Since 2000, the FTA has subsidized the 28X Airport Flyer, which runs between Oakland and Pittsburgh International via downtown and the Robinson commercial area, with about $1 million a year.
The federal funding has come through the FTA's Job Access Reverse Commute (JARC) program, which provides assistance in getting urban residents to suburban jobs. Port Authority of Allegheny County is expected to apply next month for another round of JARC funding. Recipients would be announced this year.
"If we got $1 million, we'd likely be able to continue serving the airport," said Port Authority spokesman Jim Ritchie.

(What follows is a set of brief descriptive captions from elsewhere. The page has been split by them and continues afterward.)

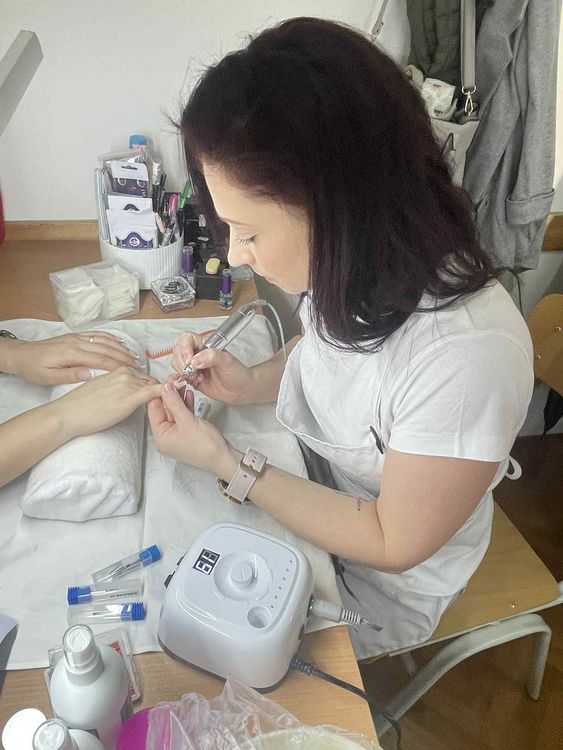 Manikűrös és körömdizájner képzésünk képekben
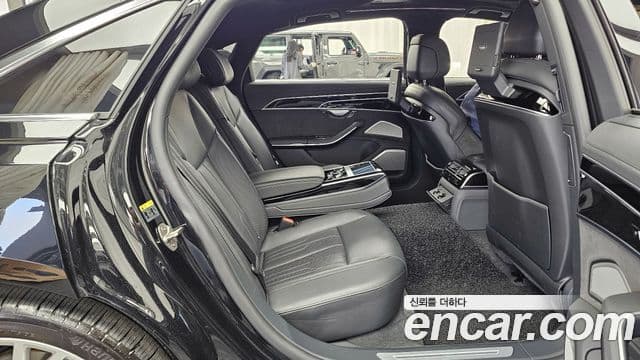 Audi A8 2021 — ფოტო 12/20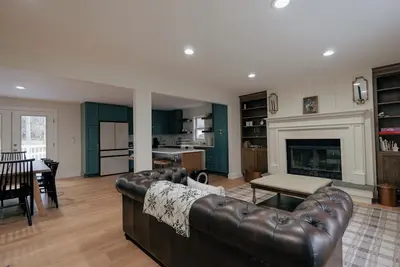 Image de Beautifully Renovated Family-Friendly Retreat on 5 Acres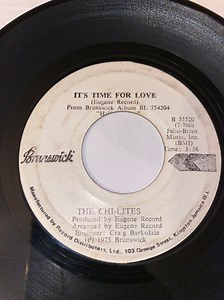 The Chi-Lites - Here I Am / It's Time For Love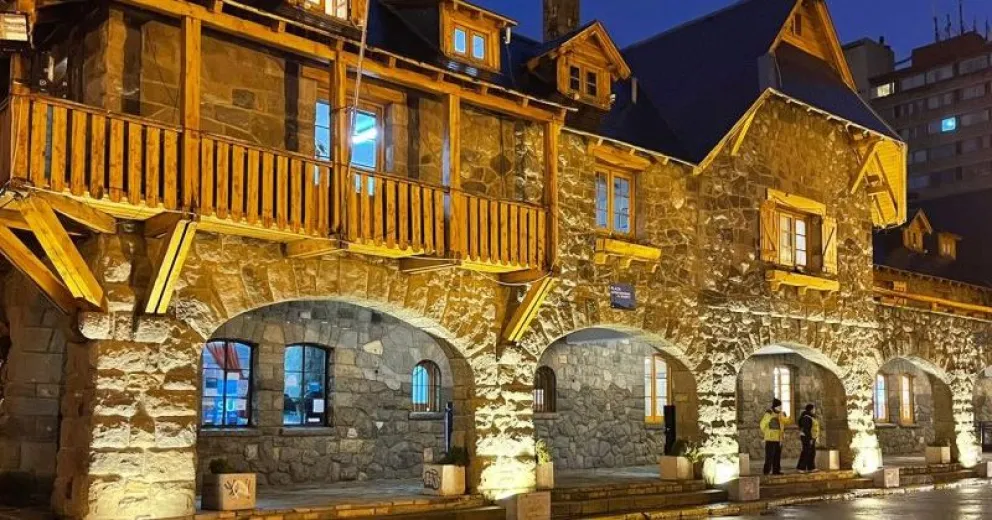 El Municipio avanza con la iluminación del Centro Cívico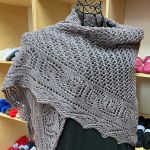 Triangular Shawl *Jamila*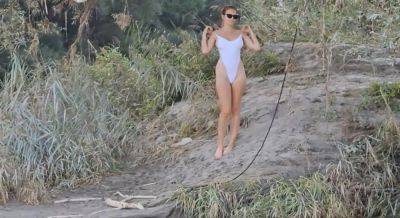 belle partie de fesses dans une lagune déserte - txxx.com - France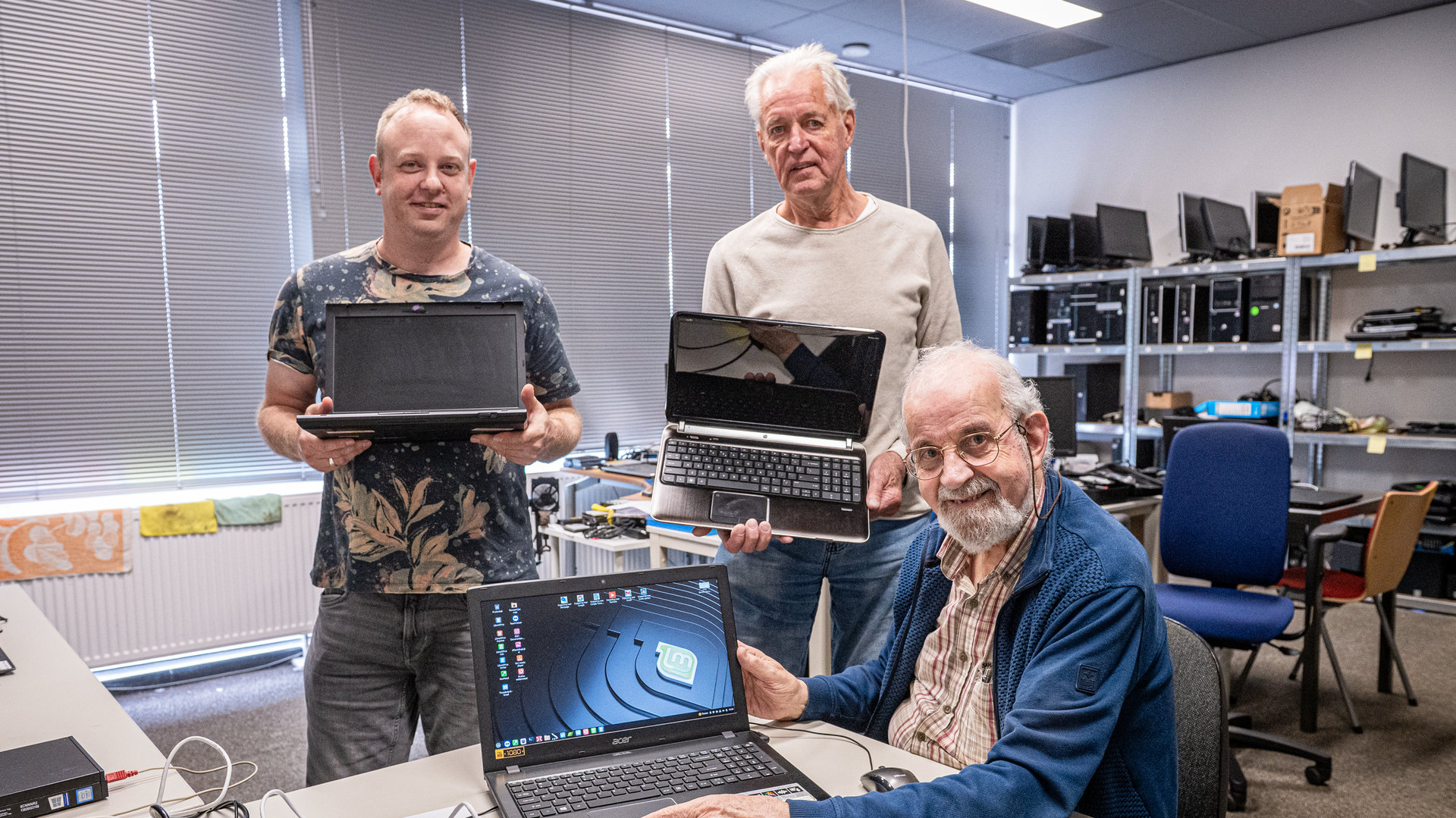Computerdienst zoekt gebruikte laptops en pc’s - De Krant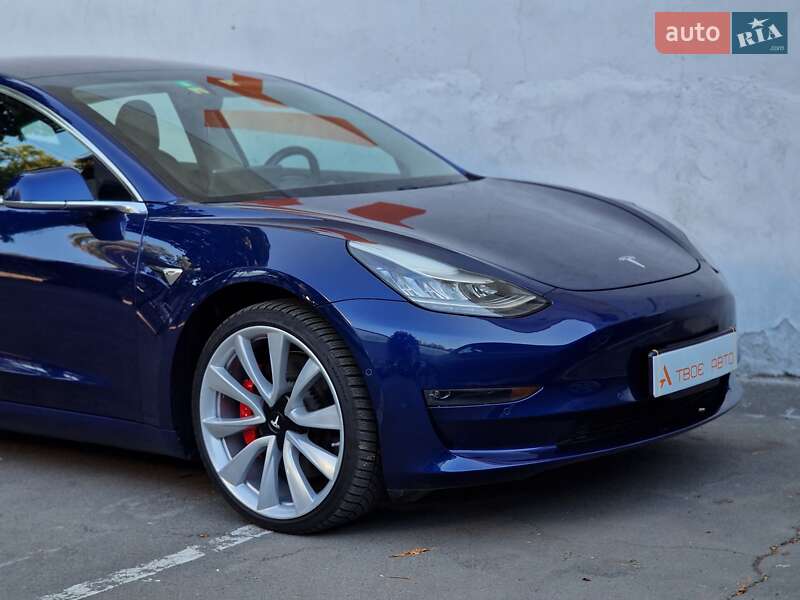 Седан Tesla Model 3 2018 в Одесі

The grant program is competitive, meaning there is no guarantee that Port Authority will receive money, said Kathy Stefani of the downtown-based Accessible Transportation & Workforce Interagency Cooperative, which oversees the region's JARC program.
"You can't just assume that because you got (money) last year, you're going to get it next year," Stefani said, noting Port Authority's funding covers about one-fifth of the 28X's operational costs.
The uncertainty of the funding forced the agency to prepare for a worst-case scenario with proposals to cut service by 35%, including the 6 miles between Robinson and the Findlay airport.
Last week, Port Authority proposed erasing a $64 million deficit for next fiscal year by cutting routes, laying off up to 500 workers and raising fares 25 cents to 50 cents on all routes that run outside downtown.
John Grim, founder of airportgrounddirectory.com, said a move to cut an airport bus route would be against industry trends.
"There seems to be a national trend going on right now to make the link between the airport and downtown stronger," Grim said, pointing to a recently completed light-rail airport project in Seattle and ongoing ones in Miami and Washington, D.C.
He identified the top four airports without public transportation as Norfolk International in Virginia, Birmingham-Shuttlesworth International in Alabama, Hawaii's Kona International and Colorado Springs Municipal. They had 1.6 million to 3.2 million passengers in the 12-month period ending in October. Pittsburgh had 8 million, according to the Bureau of Transportation Statistics.